Fifth: Sign the card with a typical letter-ending greeting such as “Best wishes” or a second “congrats” and you’re done.
Now, there’s plenty of room within the formula above to play around, get creative, and say whatever comes to mind. Which brings us to one of our most important tips: Write your message out on a piece of paper before committing it to the card itself! Not only will this do wonders when it comes to unlocking your writer’s block, it will prevent you from making inclusion/grammatical/construction errors that you have to cross out with a pen. Scratched-out words do not look great on a wedding card.

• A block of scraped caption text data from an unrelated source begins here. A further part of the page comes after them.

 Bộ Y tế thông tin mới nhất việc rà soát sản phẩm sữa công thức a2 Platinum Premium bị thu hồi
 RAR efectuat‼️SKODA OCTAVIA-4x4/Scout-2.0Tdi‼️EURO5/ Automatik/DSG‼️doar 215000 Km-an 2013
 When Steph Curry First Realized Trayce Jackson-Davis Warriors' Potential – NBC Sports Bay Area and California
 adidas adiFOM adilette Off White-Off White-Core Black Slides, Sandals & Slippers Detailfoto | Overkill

What to Write in a Wedding Card: Inspiration for Your Message
If you still feel stuck when it comes to delivering the right message to the happy couple, we’ve compiled a list of possible sentiments that you can use as a jumping-off point for your own unique and memorable card. If you feel the task before you is simply too herculean to accomplish, feel free to directly adopt any of these quotes in their entirety. If you just need that last little push, though, use these examples to fire up your creative juices and deliver a message that will make their big day just a little more special. We’ve broken the messages down into categories for easier perusal.

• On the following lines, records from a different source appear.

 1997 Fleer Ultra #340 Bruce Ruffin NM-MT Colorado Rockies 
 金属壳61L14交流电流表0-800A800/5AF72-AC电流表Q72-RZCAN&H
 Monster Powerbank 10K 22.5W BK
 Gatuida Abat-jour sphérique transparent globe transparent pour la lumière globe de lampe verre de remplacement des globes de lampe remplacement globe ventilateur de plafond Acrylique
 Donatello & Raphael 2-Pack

Conventional Wedding Card Messages
“Best wishes for an unforgettable wedding day and a beautiful marriage.”
“Wishing you nothing but love and happiness for the rest of your lives together.”
“May the years of your togetherness strengthen the bonds you forge today.”

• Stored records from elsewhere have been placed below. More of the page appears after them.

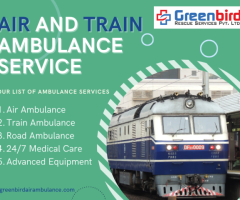 Affordable Air and Train Ambulance Service in Aurangabad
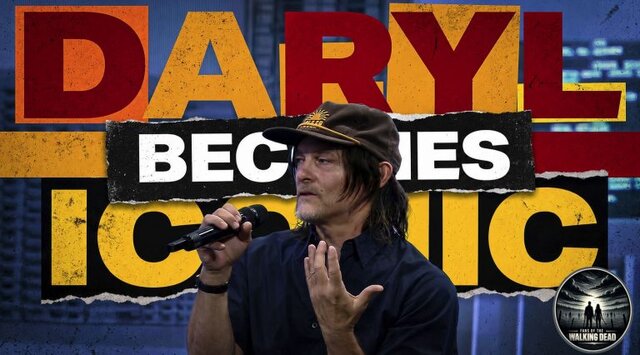 Norman Reedus Recalls Daryl Dixon’s Rise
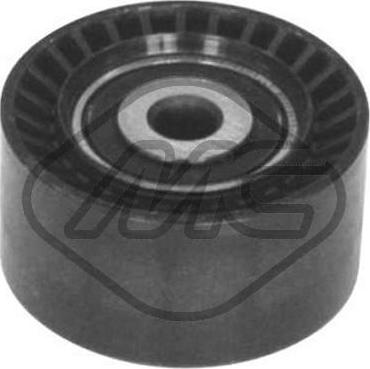 Metalcaucho 57079 - Pulley, v-ribbed belt autospares.lv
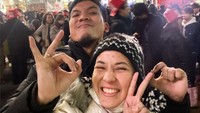 Ini potret kemesraan Desta dan Natasha Rizki sebelum memutuskan bercerai.  Foto: Instagram/@desta80s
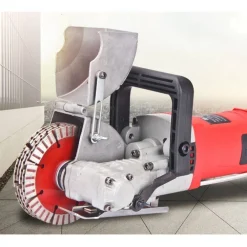 TRACCIATRICE SCANALATRICE A DISCO 5 DISCHI SCANALATORE MURO 2800W POMPA ACQUA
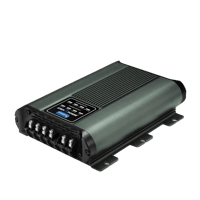 Miniatura Cargador/Isolador/Controlador Solar DC DC (60-600Ah) -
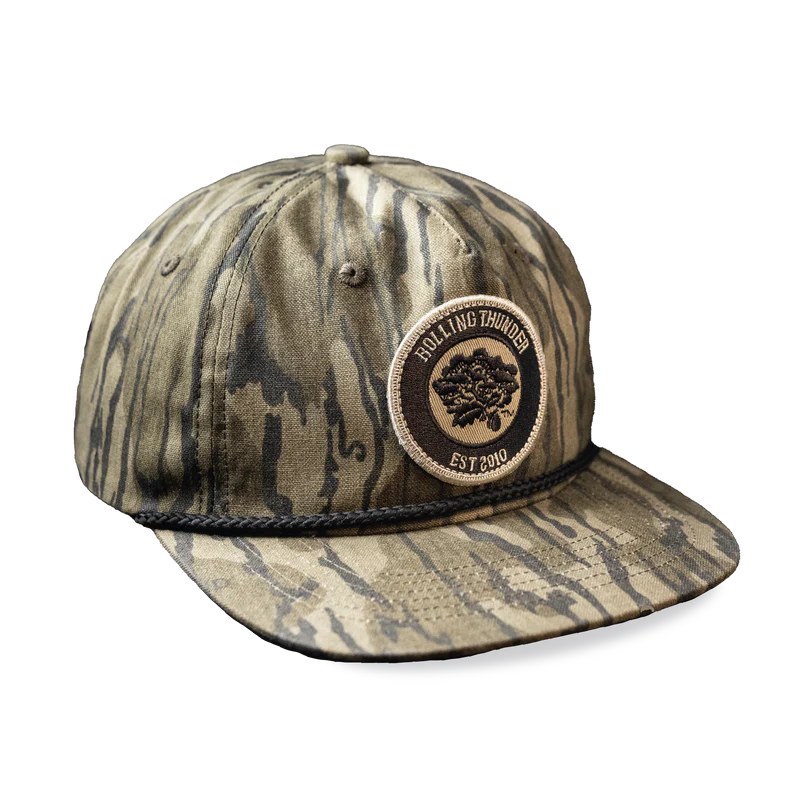 Rolling Thunder Logo Patch Rope Snapback Hat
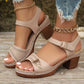 🌸Speciale prijs🌸Sandalen met hoge hakken voor dames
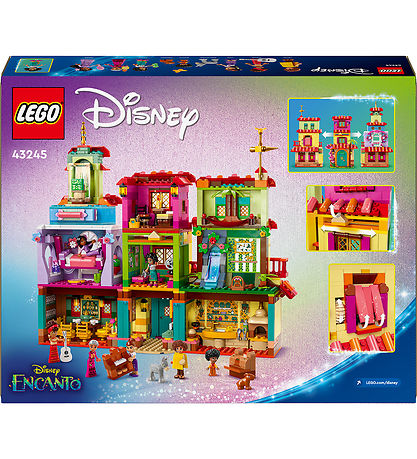 LEGO® Disney - Taianomainen Madrigalien talo 43245 - 1560 Osaa LEGO® Disney - Taianomainen Madrigalien talo 43245 - 1560 Osaa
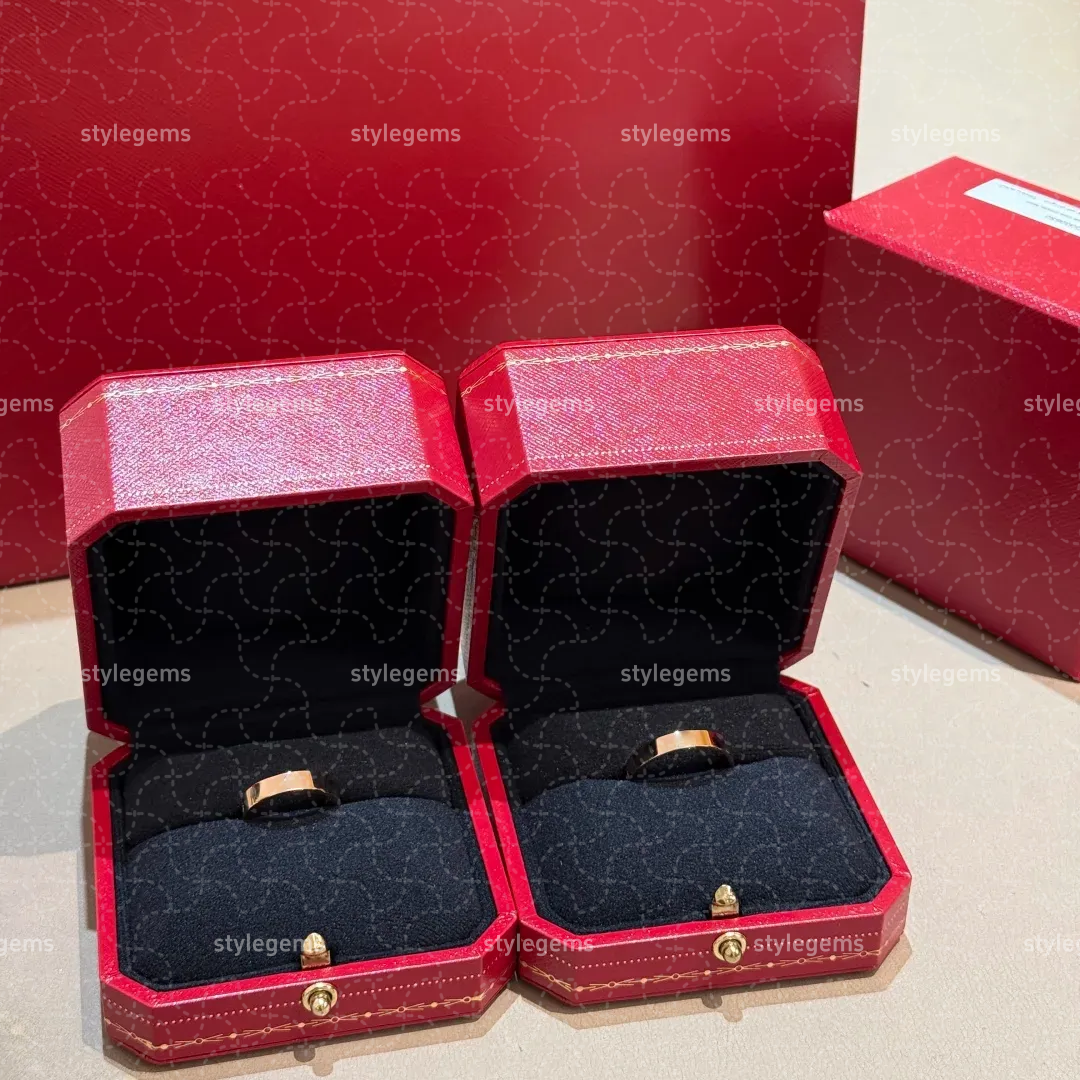 High quality gold designer diamond ring rings designer for women engagement men love ring rings for men luxury Ring mens gold rings luxury designer jewelry for women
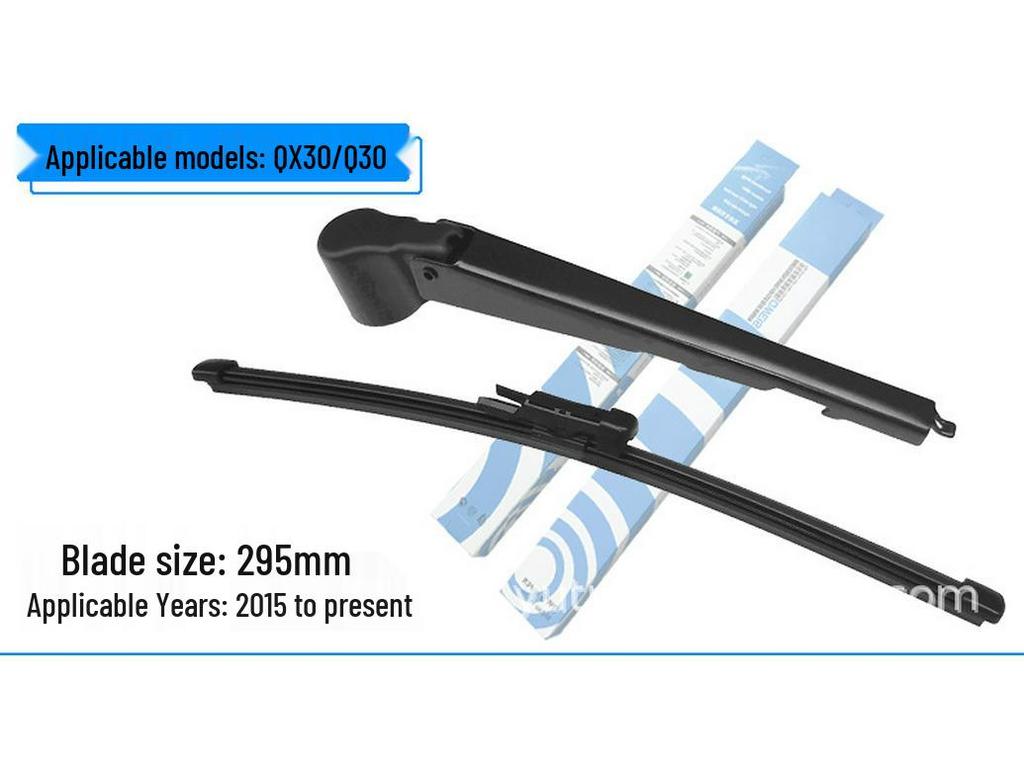 Infiniti Rear Wiper Compatible with QX50, QX70, QX60, QX80, QX30, QX56, ESQ, JX35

Informal Wedding Card Messages
“I’m so happy you guys are making it official – congratulations and good luck!”
“Don’t ever forget the love you had for each other on this amazing day.”
“Here’s to many years of adventure, laughs, and love.”
Faith-Based Wedding Card Messages
“To fully know someone and love them – that is the essence of true romance.”
“Above all, love each other deeply, because love covers over a multitude of sins. – 1 Peter 4:8”
“Keep God first in your marriage and everything else will fall into place.”
Funny Wedding Card Messages
“Wishing you a lifetime of love and Netflix binges!”
“Congratulations on avoiding the life of a lonely cat lady.”
“Forever is a long time…Have you really thought this through??”
Thoughtful Wedding Card Messages
“May your marriage be blessed with the simple joy of knowing that you’ll be there for each other always.”
“As great as it is to marry the one you love, it is a blessing to love the one you marry.”
“Here’s to the beauty of falling in love with each other over and over again.”
Giving the Gift of Your Heart-felt Message
We recommended earlier that you keep in mind that the weight of the world does not rest on crafting the perfect wedding card message – and we stand by that advice, particularly if that pressure is preventing you from putting pen to page. At the same time, we want to emphasize that what you write in the card IS important. At some point – probably after the honeymoon is over – your beloved couple is going to sit down amidst a sea of well-wishes and read them together. We’re not saying you should be afraid of their judgment; we’re saying that you should write with an eye towards that moment. What can you write that will send them off into this glorious journey with your complete congratulations? It doesn’t have to be Shakespeare…it just needs to show them that you care. Good luck!